- **Work request**
Every entry in the data is to be written out exactly; no picture belongs in the copy.

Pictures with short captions
* * * *

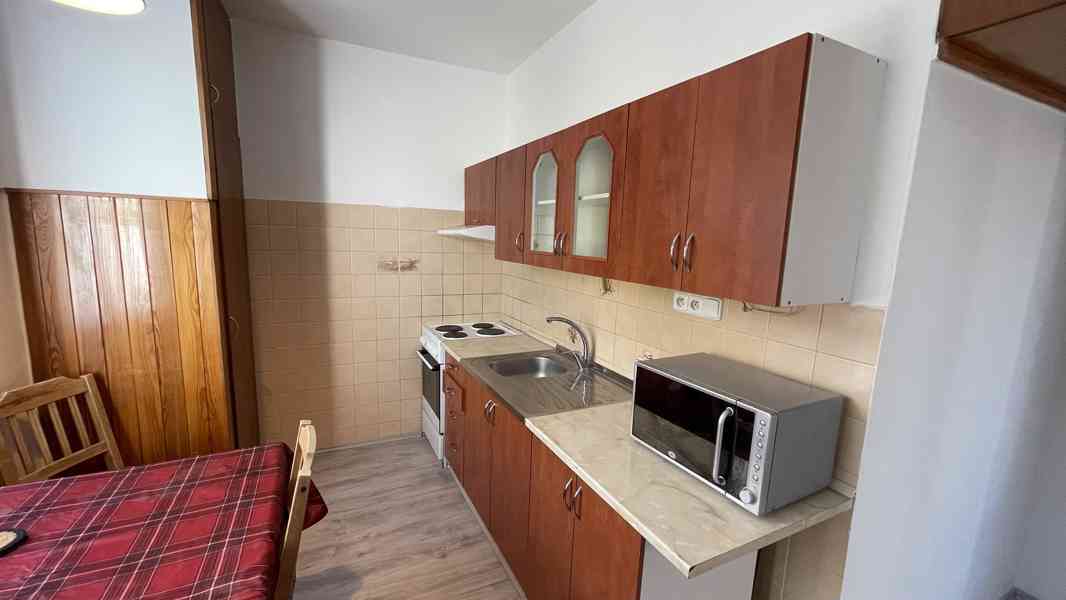 PRONÁJEM BYTU 3+1 S BALKÓNEM V IVANČICÍCH  - foto 5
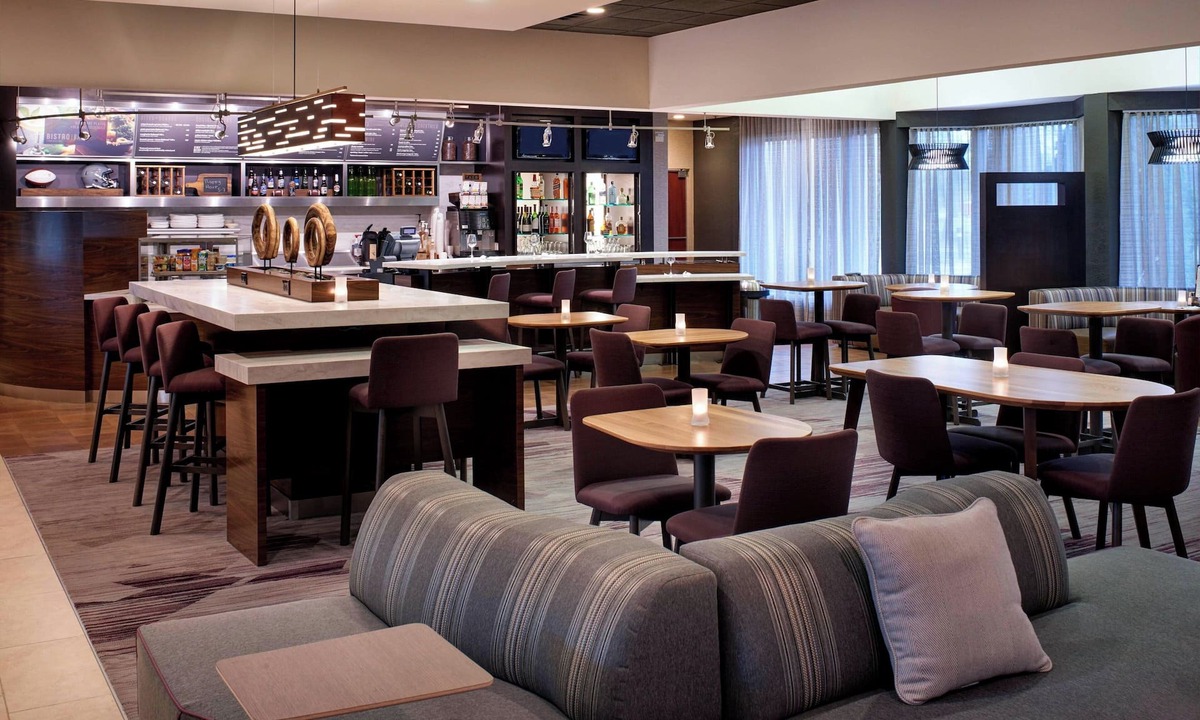 Romulus Hotel | Courtyard by Marriott Detroit Metropolitan Airport Romulus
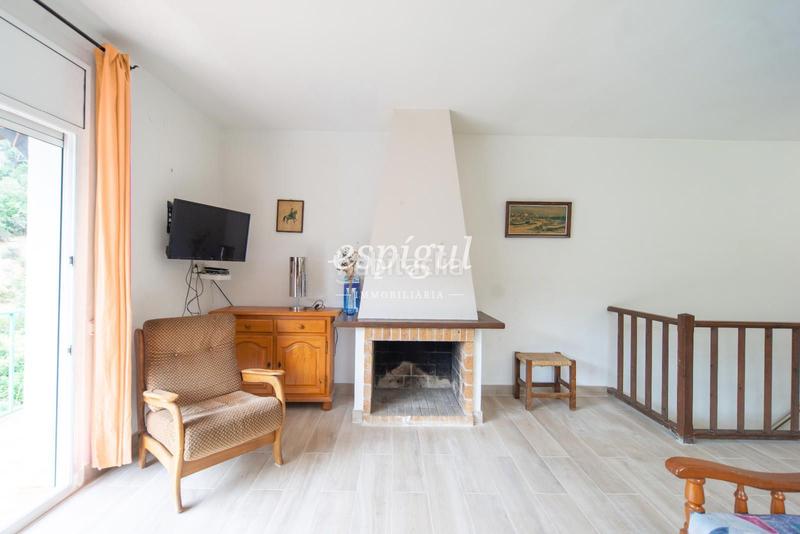 Foto e3553d4a-7b0e-4c98-bf67-24f15fd47484. Casa  independiente en urbanización Rosamar en Santa Cristina d´Aro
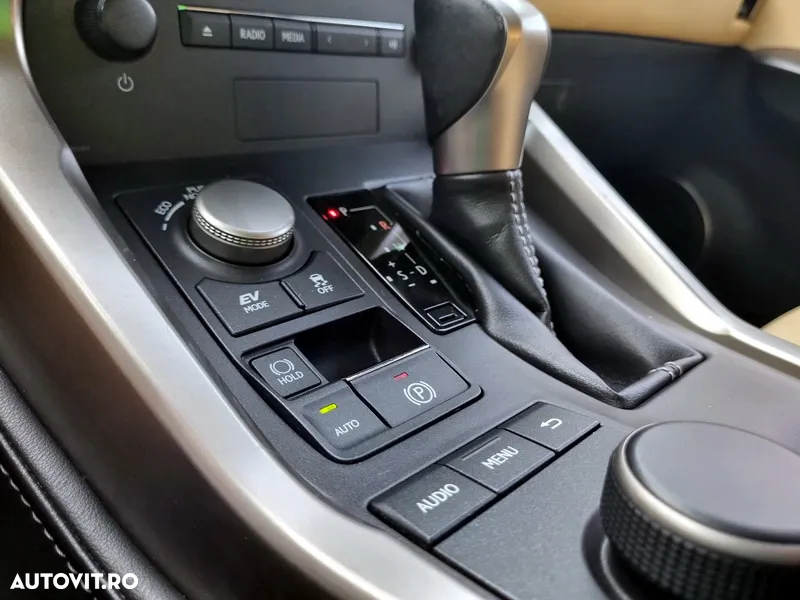 Lexus Seria NX 300h AWD Executive Plus - 19
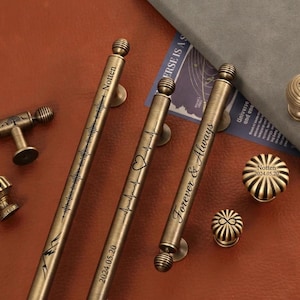 Poignées de tiroirs antiques gravées sur mesure/poignées de boutons d'armoire en laiton antique/boutons de quincaillerie d'armoire moderne/poignées de poignées de cuisine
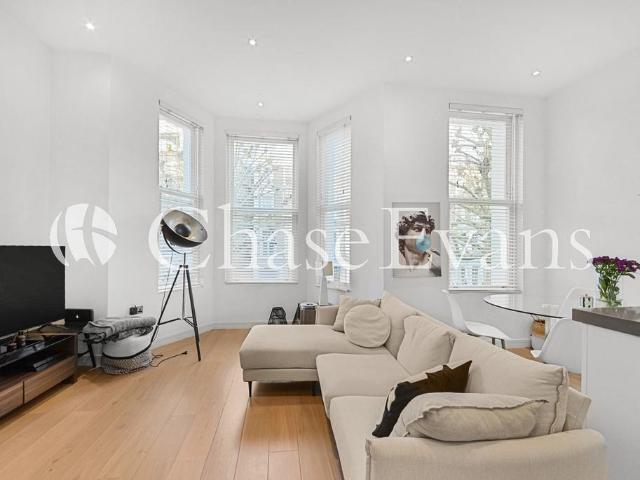 Flat for sale in Earl's Court, Greater London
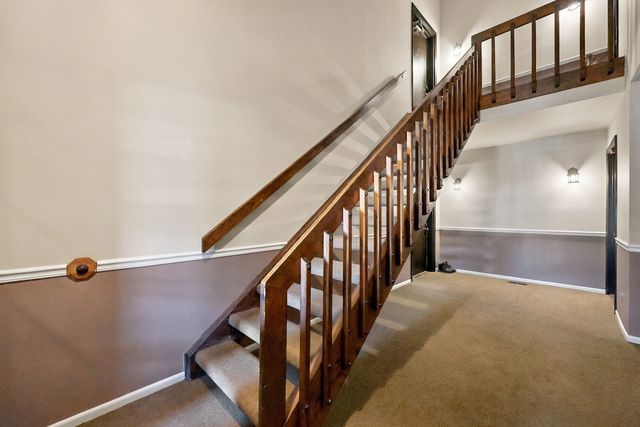 4955 Kimball Hill Drive C2, Rolling Meadows, IL 60008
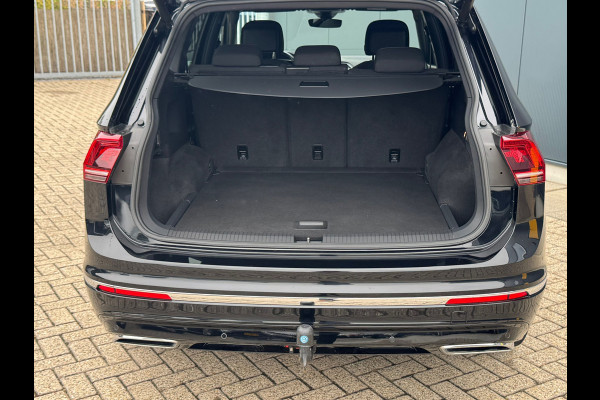 Volkswagen Tiguan Allspace 1.5 TSI R-Line * Trekhaak * Camera * Virtual Cockpit * Stoelverwarming *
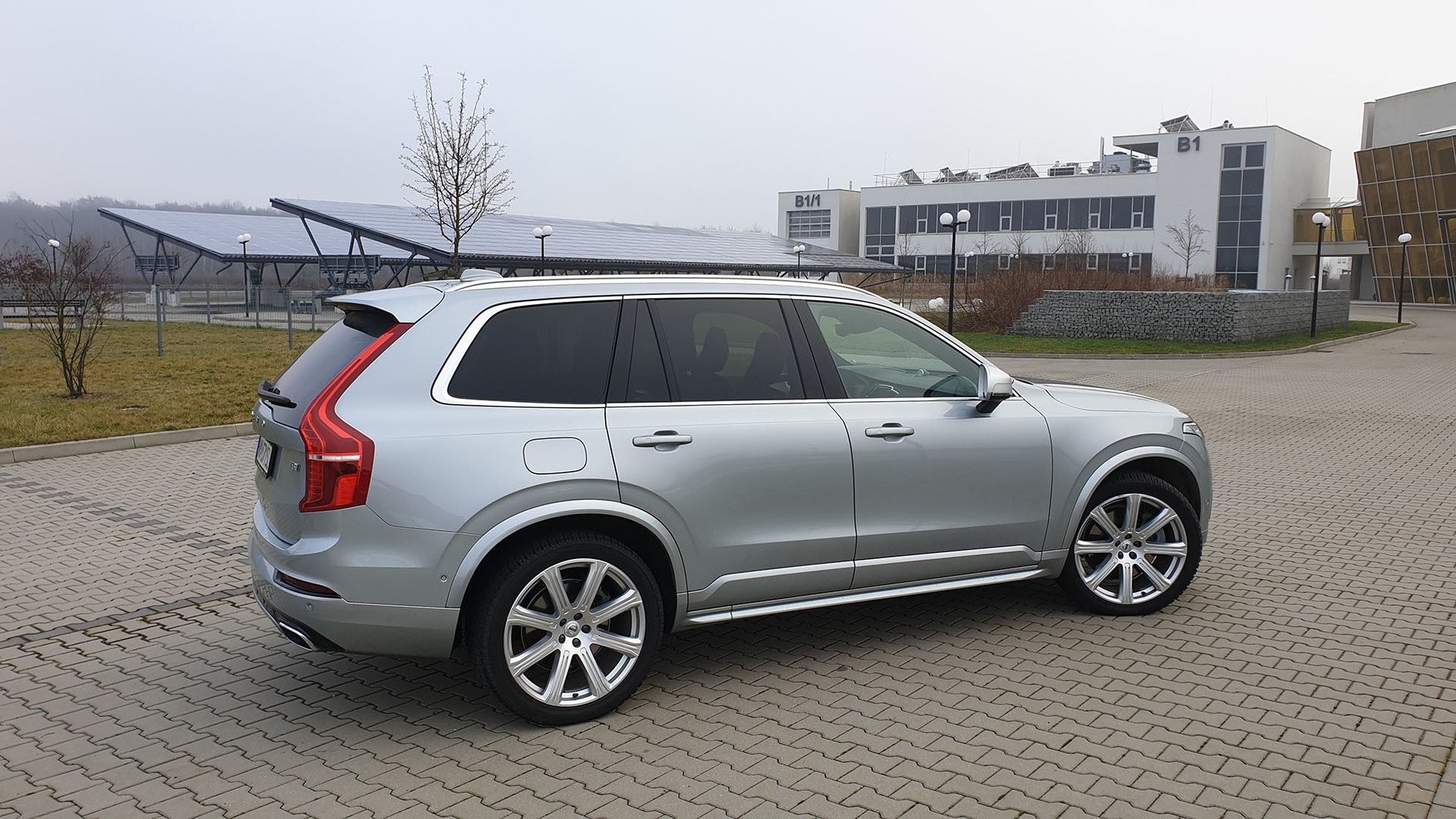 Volvo XC90 – która hybryda będzie lepszym wyborem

* * * *

- **Exercise output**
 PRONÁJEM BYTU 3+1 S BALKÓNEM V IVANČICÍCH  - foto 5
 Romulus Hotel | Courtyard by Marriott Detroit Metropolitan Airport Romulus
 Foto e3553d4a-7b0e-4c98-bf67-24f15fd47484. Casa  independiente en urbanización Rosamar en Santa Cristina d´Aro
 Lexus Seria NX 300h AWD Executive Plus - 19
 Poignées de tiroirs antiques gravées sur mesure/poignées de boutons d'armoire en laiton antique/boutons de quincaillerie d'armoire moderne/poignées de poignées de cuisine
 Flat for sale in Earl's Court, Greater London
 4955 Kimball Hill Drive C2, Rolling Meadows, IL 60008
 Volkswagen Tiguan Allspace 1.5 TSI R-Line * Trekhaak * Camera * Virtual Cockpit * Stoelverwarming *
 Volvo XC90 – która hybryda będzie lepszym wyborem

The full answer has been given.